The rain seems to be settling in this week with a couple of weather warnings for heavy downpours among the usual wind and rain.
But do you know which are the wettest parts of the UK and why?
Well, if you live in the west you’re going to get wet, simple as that. According to the Met Office the wettest parts of the UK are concentrated in mountainous regions with Snowdonia, the Lake District and the Scottish Highlands all receiving more than 4 metres of rainfall in a year.
Argyllshire tops the list with a soaking 2,274mm of rain each year and western areas in Scotland hold most of the top 10 spots with the exception of Merionethshire in Wales in at number 4 and Caernarvonshire at 6.
The highest listed English place is the north west county of Westmorland in at 9.
Cardiff is Britain’s wettest city with 1,152mm falling on it each year. Everyone thinks Manchester is really wet but that comes in at 15 behind Belfast and, surprisingly, Leeds.

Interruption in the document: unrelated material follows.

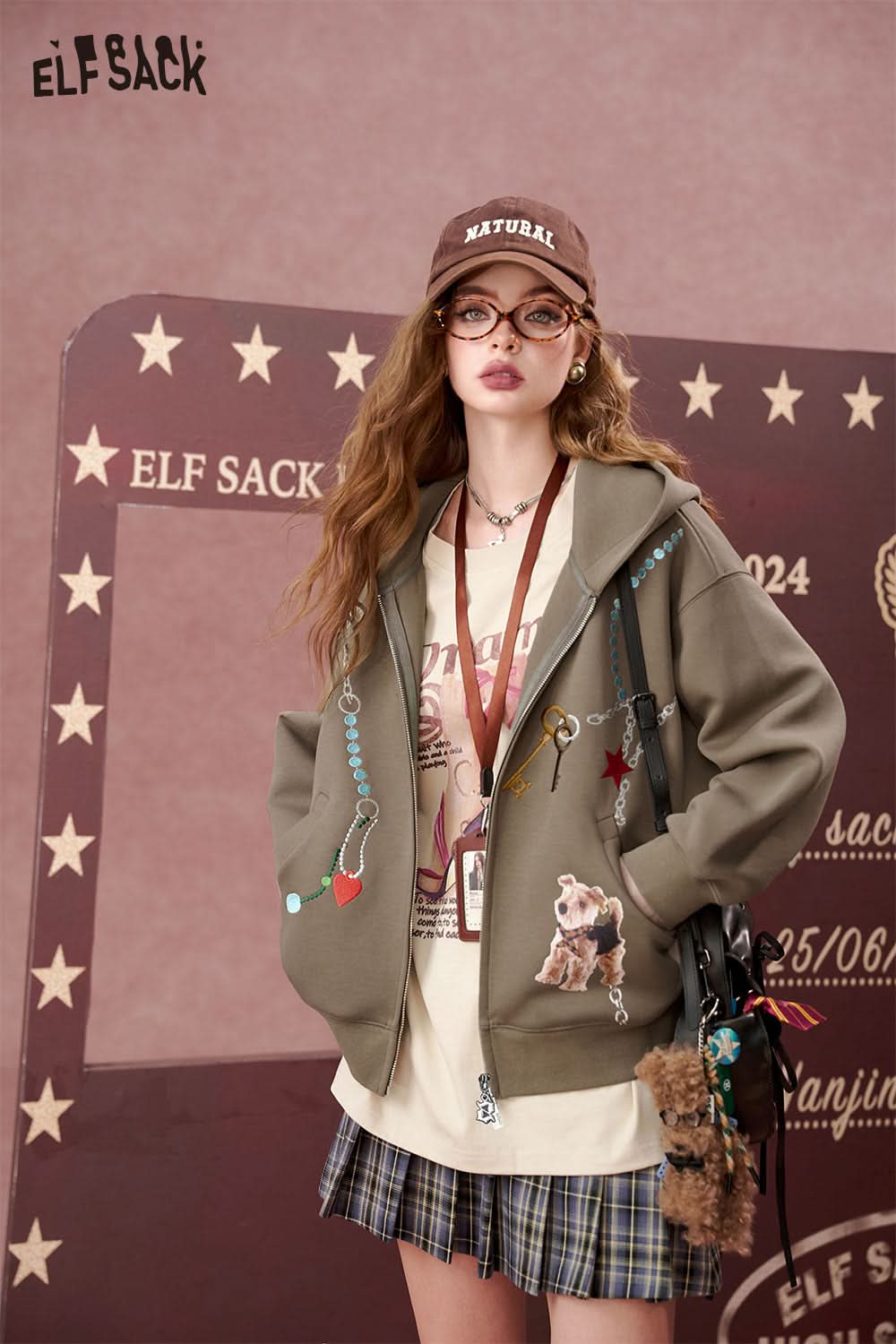 ELFSACK Simple casual hooded Hoodie cardigan, cartoon printed jacket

London is one of the driest at number 63 with a mere 557mm of rain.
But why do these counties get such a drenching?
According to the Met Office: “The prevailing warm moist westerly winds mean that the west of the UK is more likely to receive rainfall from Atlantic weather systems which usually move from west to east across the UK and as they do so the amount of rainfall they deposit reduces.

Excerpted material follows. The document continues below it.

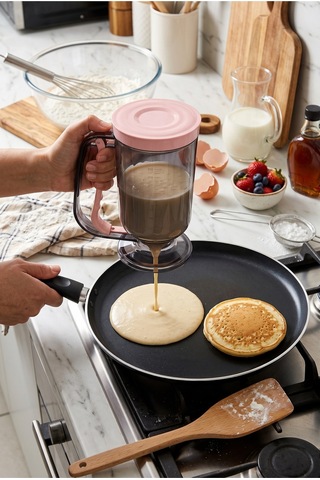 Royalgross Siyah-pembe Pratik Hamur Porsiyonlayıcı 900 Ml Ölçekli Krep Pankek Waffle Kek Muffin Hamur Dağıtıcı Akıtıcı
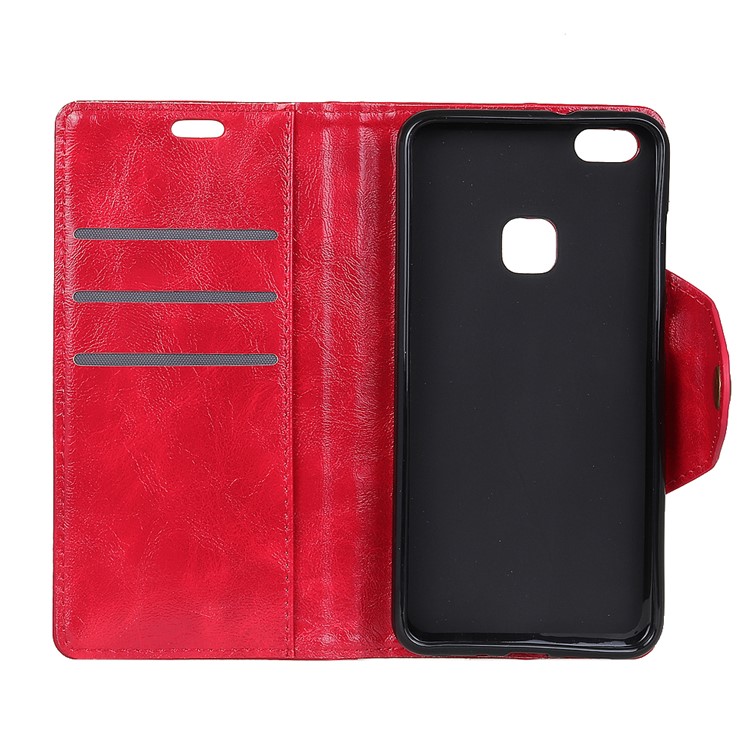 Textured PU Leather Wallet Stand Phone Shell for Huawei P10 Lite - Red-4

“This is because the mountains of the northern and western UK force the prevailing westerly winds to rise, which cools the air and consequently enhances the formation of cloud and rain in these locations.”
The Met Office forecast this week says that heavy rain and strong winds in Wales and England today will clear eastwards to be replaced by sunny spells and heavy blustery showers. Rain in Northern Ireland and western Scotland will persist.
Ironically, there will be clear skies tonight which could lead to frost in several places tomorrow before the rain is back in the west for the morning.
On Friday wet and very windy weather in the west will move eastwards later. Sunshine and showers on Saturday and Sunday could be heavy and blustery.